Voz: Through luck and friends, I was able to attend a Cervantino event. Every night at 8pm, outside of El Alhondiga (throughout history a grainery, a fort, a jail, and now a museum), the entertainment alternates between music, theatre and dance. In the bleachers, the entrance is free but fills up, depending on the event, between an hour or several hours before 8. On the ground, people with tickets or press passes can sit or stand, como gusten. And well, it helps to be friends with the employees of a bar for many reasons, I suppose, and in this case it was that we got free tickets to see Oscar Chavez, a great Mexican folk singer who sings of love and (mostly) leftist politics. A huapango band opened the show, singing powerful stories about the sierra and, of course, also about love.
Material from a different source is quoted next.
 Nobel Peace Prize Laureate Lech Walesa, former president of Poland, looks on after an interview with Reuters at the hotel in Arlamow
The guitarist and bassist were mellow and the singer, a grand story teller. The violinists were frantic, moving the feet of a woman who stamped and kicked to the music causing the pink and green and yellow of her skirt to swirl madly around her. The songs that talked about the uselessness of the government recieved wild applause and shouting, and one song was especially moving because it talked about the repressiveness of the Mexican government, referring both the the student massacre in Mexico City and the harsh repression that occurred in Oaxaca last summer. The song was sad and my friends shouted, "Oaxaca no se olvide!!" Oaxaca will not be forgotten. No one was bothered by the rain at all, especially when Oscar Chavez came on stage.
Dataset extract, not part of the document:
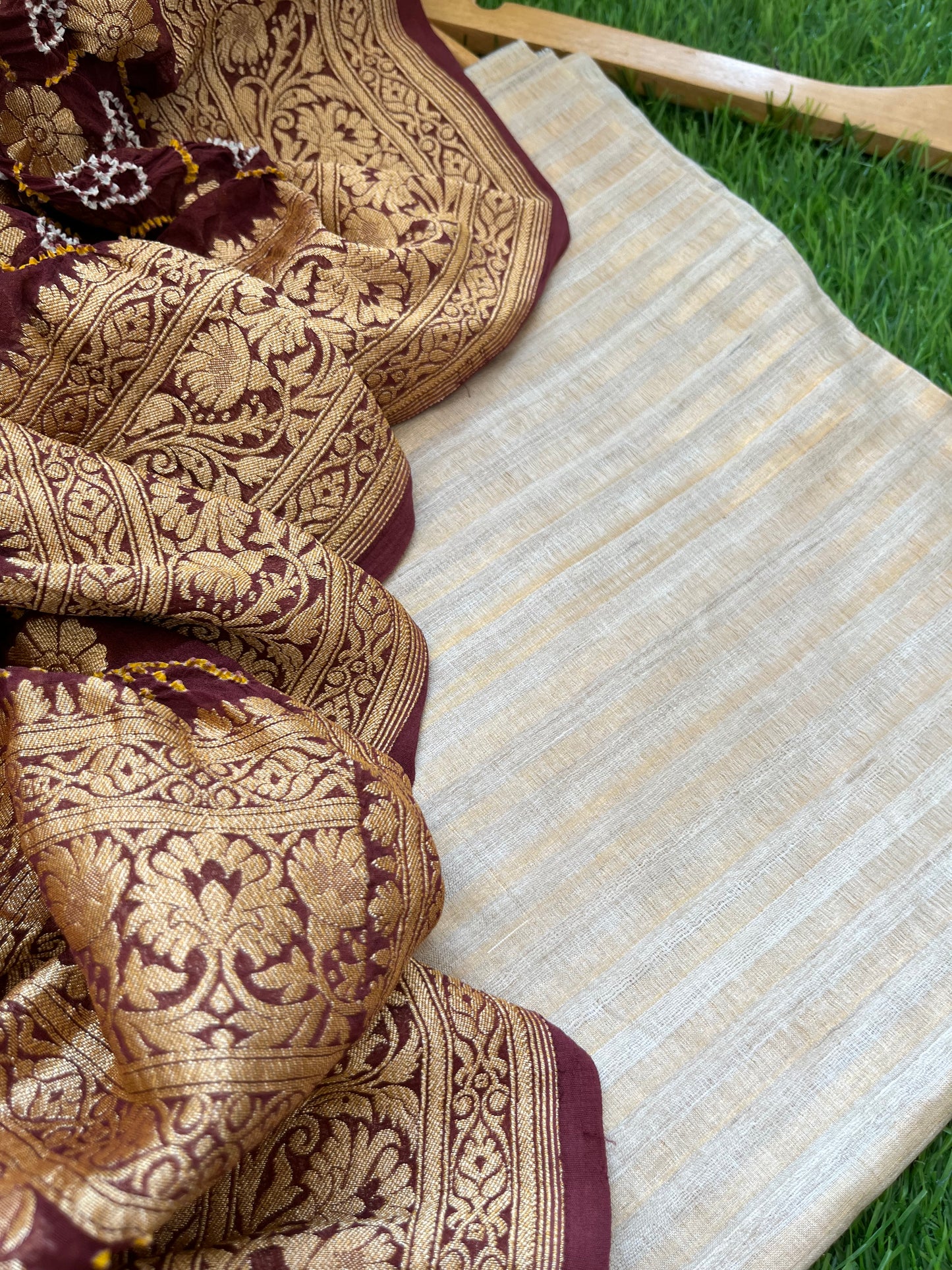 त्योहार् -Banarasi bandhani georgette dupatta silk kurta fabric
Oscar Chavez sat very distinguished, his deep voice flowed without effort, and he gave each song a uniqueness that could only come from a voice like his. Songs ranged from slow and somber, like La llorona (the weeping woman), to a homeage to Comandante Che Guevara (the anniversary of his death being so close), to Macondo, a quick and lively song that we tried to dance to despite the small piece of cement we were standing on. Oscar Chavez also sang about politics and government, something he's known for, especially his leftist leanings and condeming indictments of government and politicians. Later, the opening band joined Oscar Chavez for more huapango. The best part was the last song, when Oscar Chavez and the other band sang verses back and forth to each other about each other's musical abilities, in a friendly competition that ended in Oscar Chavez comparing the other band to the momias of Guanajuato.
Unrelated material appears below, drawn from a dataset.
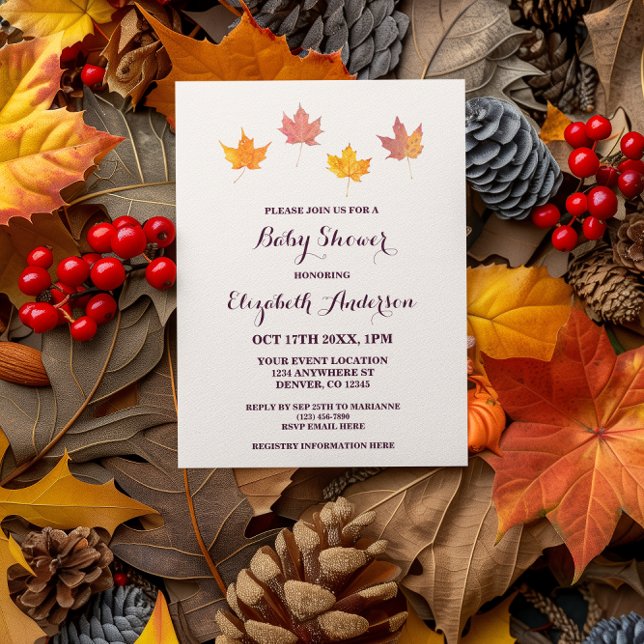 Maple Leaves Fall Baby Shower Invitation (Creator Uploaded)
But the end of the show was probably my favorite. The woman who had danced and sang in the beginning returned, this time with the mask of death on her face, a bright pink scarf tied around her head, a large sickle and a basket. She passed papers back and forth between Oscar Chavez and the singer of the other band, which told of the deaths of (mostly) the various politicians and political institutions of Mexico. The current president, Felipe Calderon, clearly was targeted and the crowd roared. Vicente Fox and Martita (as Mexicans call his spouse) received harsh treatment even from death herself. Corporate media, the governor of Guanajuato and even Oscar Chavez all recieved their summons. The mix of politics, hilarity and death is something that I doubt would take place in the United States. But here, death is laughing and mocking us and we are laughing and dancing with her. Octavio Paz talks about this as Mexico's way of avoiding serious contemplation of death, that by eating sugar coated skeletons and skulls and dancing on graves, they close themselves off to death and therefore to life. This is similar to the way in which in the United States, he says, people often behave as if death doesn't exist. Mexicans bring death, in all her colorful glory, into their lives, but never close enough to see it as more than a dance partner, a lover, or a friend. By mocking death, Mexicans are really mocking their own lives, Paz claims, and this leads to a pessimistic view of life that permeates throughout Mexican life. It's hard to say at what depths Paz is right or not, but his view is interesting, as is the different ways in which people celebrate, abhor, or ignore death.